Yeah those cars are not that rare my friend has a datsun with alot of performance mods on it and he actually ran neck and neck with my friends integra GSR with mods. You can make them fast and my friends just a regular fat kid lol he didn't know anything special about it


----------



## Nissan300ZXZ31Turbo (Dec 9, 2004)

Later '80s models 200SXs came with the VG30, so you should easily be able to put a 300ZX or Maxima VG30 in the engine bay. They were still called the 200SX ironically, though they had a 3.0 litre engine. Well... somethings in life just do not make sense.


----------



## blownb310 (Jun 10, 2002)

Nissan300ZXZ31Turbo said:


> Later '80s models 200SXs came with the VG30, so you should easily be able to put a 300ZX or Maxima VG30 in the engine bay. They were still called the 200SX ironically, though they had a 3.0 litre engine. Well... somethings in life just do not make sense.


 Yes, the same way that calling some B14 models 200SX's when they were available with the 1.6 doesn't make sense either.


----------



## asleepz (Feb 24, 2004)

I'd put a VG30ET in that baby and call it good.


----------



## Ville (Mar 2, 2005)

how? it's easy to find them in mex, some older nissan models used to have RWD tranny, but that was a while ago, something about 10 years ago, but you can still find some at junkyards, anyway you can swap almost any RWD engine in it, I've just seen one like mine with a 240sx engine in it, I don't remmeber if it's KA24, KA24DE or KA24E  the point is that's a lot of power for the car weight something about 900Kg


----------



## himilefrontier (Jan 21, 2003)

While a cool find, rare doesn't necessarily = valuable. If it did, my 1979 AMC Spirit GT would make me a very wealthy man...lol
As for swap fodder, IIRC, it's a S10 chassis, and like all Datsuns until the S13, shares much in common with all RWD Datsuns with 4 wheel independent suspension dating back to the original PL510 of 1968. The KA engine is actually an evolution of the L series engines, and shares a common bellhousing bolt pattern with them. The inline six engines would likely be too long to fit the engine bay. If you really wanted to go hog wild with a swap, you could concievably put a VH45DE from a Infiniti Q45 in it and strenghten the car with subframe connectors and a R230 Diff from a Z31. You can also swap some suspension and brake parts from other RWD Nissans and get away cheaply in that area.
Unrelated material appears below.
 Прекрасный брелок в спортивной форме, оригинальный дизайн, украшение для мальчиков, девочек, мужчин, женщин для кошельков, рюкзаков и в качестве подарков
Interesting fact: The S10 was designed by one of the people who did the B13 Sentra.


----------



## Mig2 (Jul 20, 2005)

> rare doesn't necessarily=valuable


Ain't that the truth! I have a 1979 810 2dr. hardtop. From my research, less than 3000 of these were built. Datsun only made them in 79 through early 80 and stopped when they introduced the first Maxima later in 1980. The KBB price listed for these cars is $2200 in top condition.


----------



## Ville (Mar 2, 2005)

how much it costs or not it's not important to me,I'm happy with the car I have and that's all does matter to me, it's better see an oldie rare than a bunch of new cars that looks almost the same .


----------



## Ed240 (Jul 3, 2005)

Ville said:


> :loser: Cool  It's like mine, except mine is a hardtop. :thumbup: I'm glad I'm not the only with a datsun 200sx  Mine has been repainted  and still working on it. nice car dude, I bet it doesn't need to much work.
> this is my 85 mexican 200sx hardtop  hope you like it.
> 
> 
> ...


sorry dude, but that's not your car???.. mexico = not right hand drive...
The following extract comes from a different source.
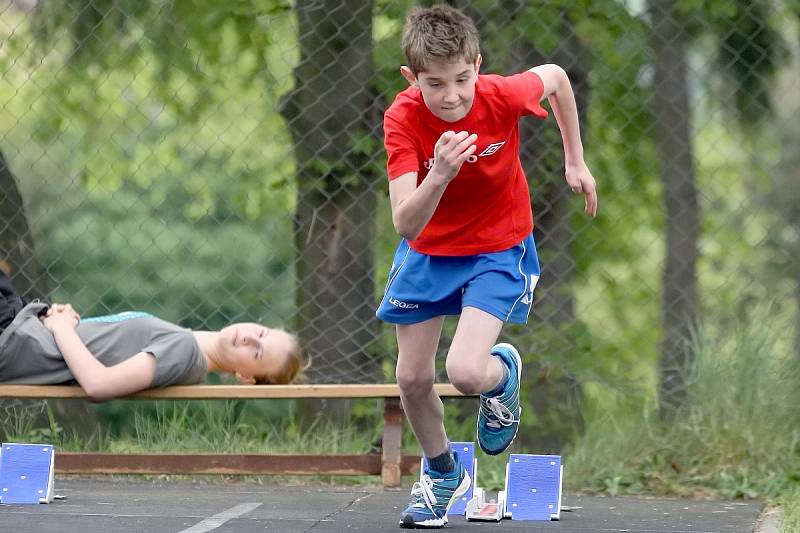  Odznak všestrannosti olympijských vítězů.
and I found the original pic
and...


----------



## likeaninja (Dec 17, 2007)

yeah that motor was an experimental addition to the 200, prior to the 240 release, the engine itself is worth what you probably paid for the car.... I think those things are awesome too. take good care of that ride...


datsun 810


----------



## likeaninja (Dec 17, 2007)

OH YEAH i remembered hearing that you could add up to 50BHP by installing a solid AI/ (K&N style) "CAI"


----------